An epiphany followed by ten years of research, hard work, and unparalleled experiences. The result? Frank E. Schoonover Catalogue Raisonné.
Circa 1995, my brother John Schoonover began urging me to retire from the field of education and spearhead a project dedicated to our grandfather, Frank E. Schoonover. We knew that he was a favorite student of Howard Pyle, as well as a prolific artist, a beloved teacher, and a significant illustrator during the golden age of illustration. We had no idea, however, about the magnitude of the project we contemplated. Together with my youngest brother, Cortlandt, and our spouses, we met and decided to embark on the journey to produce a book that would document each of his paintings and tell his story, or in other words, compile a catalogue raisonné. So, in 1999, I retired from teaching and determined the organizational pieces needed.
In order to garner necessary support, we formed the non-profit Frank E. Schoonover Fund, Inc., and rented an office in Wilmington near the location of the Schoonover Studios that are still open to the public. Fortunately, grandfather had left an invaluable legacy, his original daybooks. They comprised of two sets of journals that contained his handwritten record of most of his works, numbered from the first illustration that he sold in 1899, NO 1, to his final works in the late 1960s, NO 2510. The organization and information detailed in his daybooks provided the framework for the book.
In spite of the fact that a catalogue raisonné is often the result of a doctoral thesis, we marched undaunted into unknown territory, determined to provide the most complete picture of his work as possible, with the assistance of Lee Ann Dean and several dedicated volunteers. Questions quickly arose…Where were all the paintings? How would we find them? Who would photograph them? Where would we have to go to do the original research? How should the volumes of information be managed? Where would we get the manpower? How long would it take? Gradually, the questions were answered and the resulting work was a great adventure taking us from Maine to California and many states in between, visiting schools, museums and homes, often with our professional photographer in tow.
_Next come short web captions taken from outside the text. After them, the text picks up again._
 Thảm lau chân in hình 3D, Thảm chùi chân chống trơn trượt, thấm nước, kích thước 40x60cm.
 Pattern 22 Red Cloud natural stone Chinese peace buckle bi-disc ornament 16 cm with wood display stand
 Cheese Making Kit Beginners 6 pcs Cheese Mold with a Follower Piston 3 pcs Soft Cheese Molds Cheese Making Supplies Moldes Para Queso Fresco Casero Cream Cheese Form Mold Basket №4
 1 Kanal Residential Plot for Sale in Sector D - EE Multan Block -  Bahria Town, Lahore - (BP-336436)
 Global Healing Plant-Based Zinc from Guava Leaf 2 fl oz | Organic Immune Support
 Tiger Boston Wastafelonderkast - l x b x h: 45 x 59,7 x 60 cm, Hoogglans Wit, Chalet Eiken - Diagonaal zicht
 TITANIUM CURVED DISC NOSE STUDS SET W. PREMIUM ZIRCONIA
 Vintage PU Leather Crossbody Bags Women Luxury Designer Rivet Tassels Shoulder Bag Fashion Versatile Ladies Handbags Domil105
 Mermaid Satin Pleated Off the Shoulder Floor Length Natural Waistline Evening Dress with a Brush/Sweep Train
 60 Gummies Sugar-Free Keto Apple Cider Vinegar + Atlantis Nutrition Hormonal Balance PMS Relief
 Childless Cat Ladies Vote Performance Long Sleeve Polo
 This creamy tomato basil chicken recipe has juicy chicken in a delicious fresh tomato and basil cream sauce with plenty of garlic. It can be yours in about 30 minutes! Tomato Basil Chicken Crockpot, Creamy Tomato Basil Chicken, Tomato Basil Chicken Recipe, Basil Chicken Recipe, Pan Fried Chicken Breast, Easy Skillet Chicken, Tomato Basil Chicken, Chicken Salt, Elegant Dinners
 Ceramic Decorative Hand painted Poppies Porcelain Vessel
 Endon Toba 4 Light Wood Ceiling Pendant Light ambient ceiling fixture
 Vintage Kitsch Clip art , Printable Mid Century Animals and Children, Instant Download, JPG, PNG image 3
When we’d completed most of the research and found and photographed hundreds of paintings, we understood the mammoth scope of the book—over 3,000 images with text for each, as well as other sections including a biography, indices, and various pertinent lists. At this point it was time to secure a designer and a publisher. We needed someone who understood the scope of Schoonover’s importance and influence and would insist on a beautiful product. Since Grandfather had lived and worked in Wilmington, we turned locally to Bob Fleck and the Oak Knoll Press. We were thrilled, when he too, caught the vision and agreed to be our publisher. His editors Mark Parker Miller and later Laura Williams guided us through the long, at times arduous, process. The two-volume boxed set was finally published in 2009 and has surpassed our expectations. Ten years were well spent. We have heard from many that it is a welcome addition to personal, educational, and public libraries. More importantly, it is our gift to our grandfather and to the field of art history.